Hernach singen DYRATHOR auf Deutsch Im Auge Des Sturms. Akustische Gitarren, die Geige und flächige Keyboards spielen die Hauptrollen, dazu gibt es grollenden Gesang. Nett, aber ein wenig unspektakulär!
Aus dem schönen Spanien stürmen XERION mit zünftig-melodischem Epic Black Metal heran. In der zweiten Hälfte des in Spanisch gesungenen Stückes tauchen ausgefeilte Gitarrenmelodien und rhythmische Variationen auf, die der anfänglich eher gleichförmigen Struktur Esprit verleihen.
Die bereits etablierten ADORNED BROOD stellen einer extremen Kreischstimme einen reizvollen, hochmelodischen Refrain gegenüber. Die Musik präsentiert sich von Taktwechseln durchzogen und rhythmisch akzentuiert und überrascht durch einen sehr gut passenden, ausladenden Pianoeinsatz.
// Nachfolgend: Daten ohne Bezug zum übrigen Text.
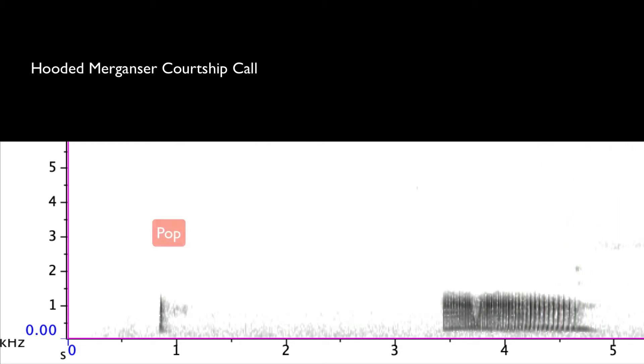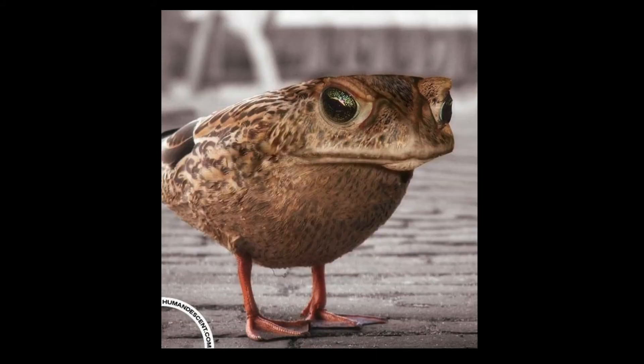You can see the initial pop sound in the sonogram, followed by that low nasal growl. This bird is called frog duck in some places because of that strange sound — it really is more like a frog than a bird.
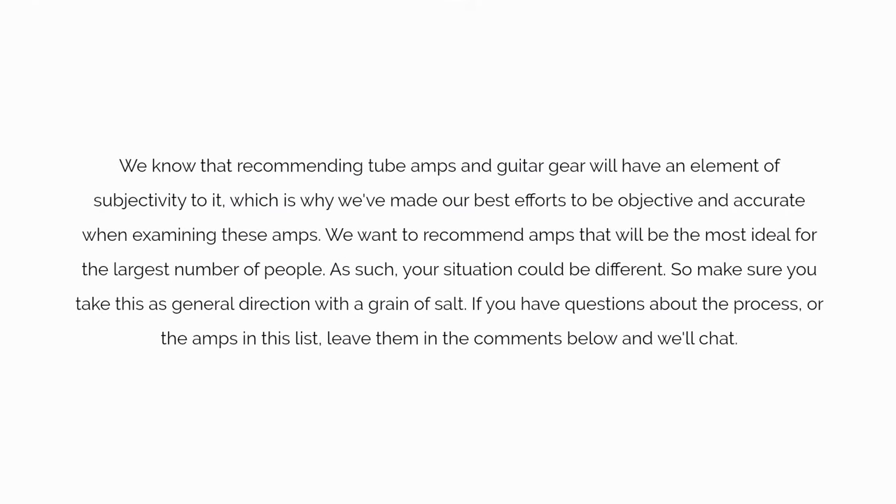We know that recommending tube amps and guitar gear will have an element of subjectivity to it, which is why we've made our best efforts to be objective and accurate when examining these amps. We want to recommend amps that will be the most ideal for the largest number of people. Your situation could be different, so make sure you take this as general direction with a grain of salt. If you have questions about the process or the amps in this list, leave them in the comments below and we'll chat.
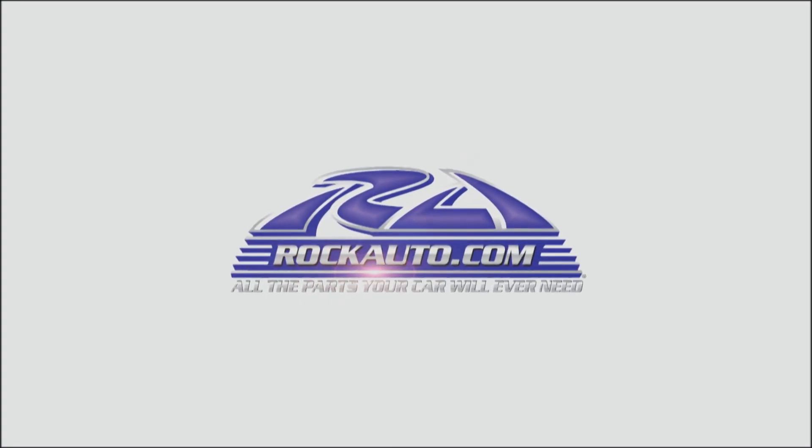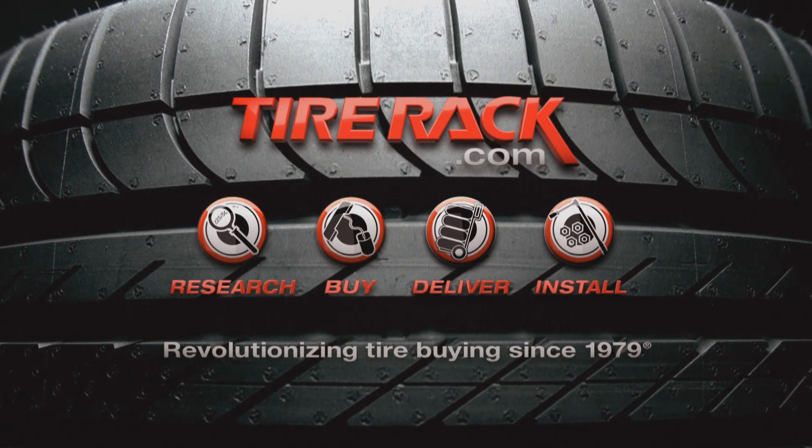Motor Week is made possible by Rock Auto and Tire Rack.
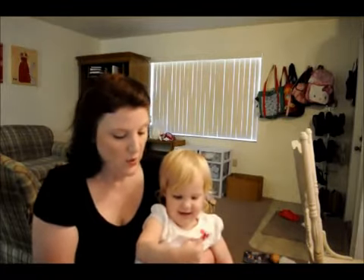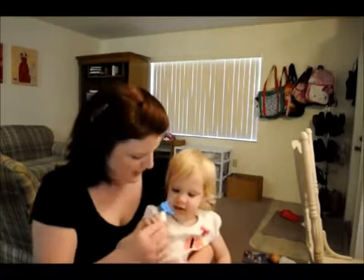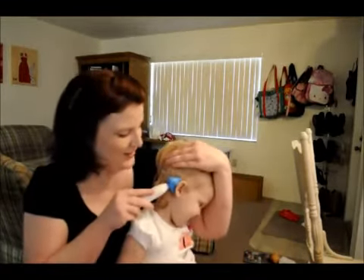We were tired of using antibiotics and we wanted to make sure that she didn't have to get ear tubes. So we thought it would be a great product to try. It's really easy to use. All you have to do is put it on their shoulder, let them hold it for a minute and get used to it, and then you put it on their ear.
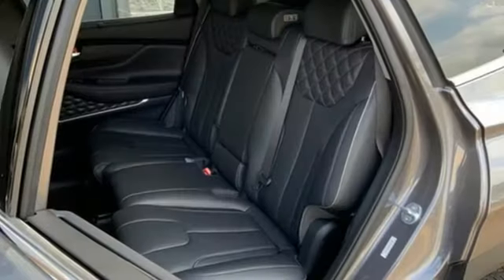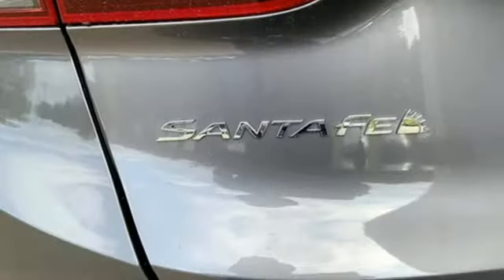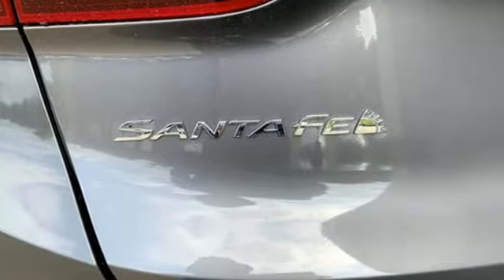It comes with great features you love: automatic transmission, heated and ventilated leather bucket seats, integrated navigation system with voice activation, auto-dimming rear view mirror, and dual zone climate control.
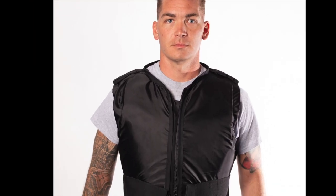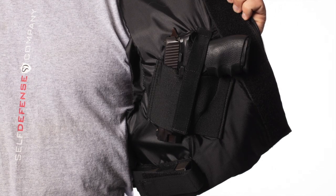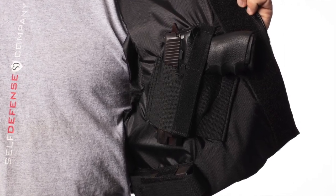The double tap design protects your centerline with double the protection, and our signature concealed carry backup system will keep you covered.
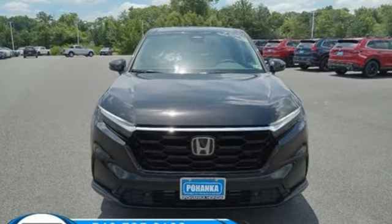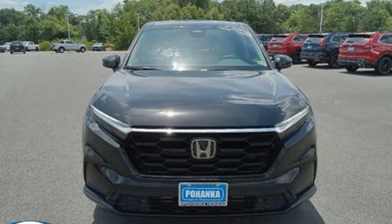Honda's created some of the most admired vehicles on the planet. Hurry in today for a test drive.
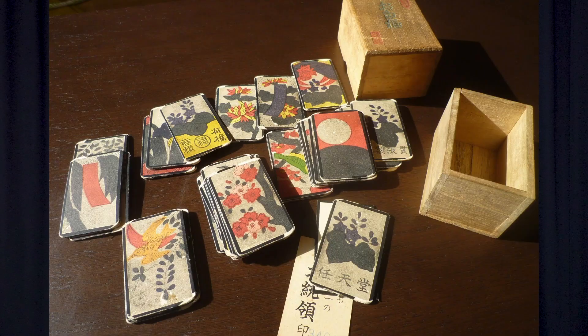However, the ban continued and these were soon also banned, becoming less and less popular. Until in 1889, a little company by the name of Nintendo started producing these cards. I actually have a set made by Nintendo — they still produce them today. They have a special version with Nintendo characters, and yeah, it's really cool.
Ebendieses Instrument lässt das Lied auch sanft ausklingen.

Ein weiterer bekannter Name folgt mit WAYLANDER, die ihre Klänge mit irischem Folk anreichern. So hat denn auch die Flöte ein gehöriges Wörtchen mitzupfeifen. Die Band nimmt die Geschwindigkeit zwischendurch gekonnt heraus, um mit sanften Akustikgitarren und Sprechgesang Spannung aufzubauen, ehe wieder die Handbremse gelöst und munter drauflosgerockt wird.
Puren Black Metal mit dezenten Folk-Einsprengseln offerieren die Belgier NATAN. Bei ihrer langen Komposition sticht das Akustikbreak hervor, welches die sonst durchgehende Hochgeschwindigkeit wohltuend kontrastiert und die Stimmung zwischendurch komplett verändert.
Positiv entwickelt haben sich ANDRAS, vor allem hinsichtlich des Gesangs, der äußerst hymnisch und harmonisch erklingt (Vintersorg lässt grüßen!), aber auch kreischend oder grollend sein kann. Ihre stärkste Seite präsentiert ANDRAS aber sicher durch ihre epische Musizierweise.
Darf es auch ein bisschen Death Metal sein? Aber klar doch, vor allem wenn dieser so dynamisch wie bei OBSCURITY klingt! Leichte Reminiszenzen an eine gewisse Wikingerhorde aus Schweden sind offensichtlich…

Den würdigen Schlusspunkt setzen VINTERNATT aus Belgien. Die Violine trägt viel zur Atmosphäre bei. Leider ist der Sound hier etwas dünn, doch die aufgebaute Stimmung tröstet darüber hinweg.

Fazit: METALMESSAGE V = rundum gelungen!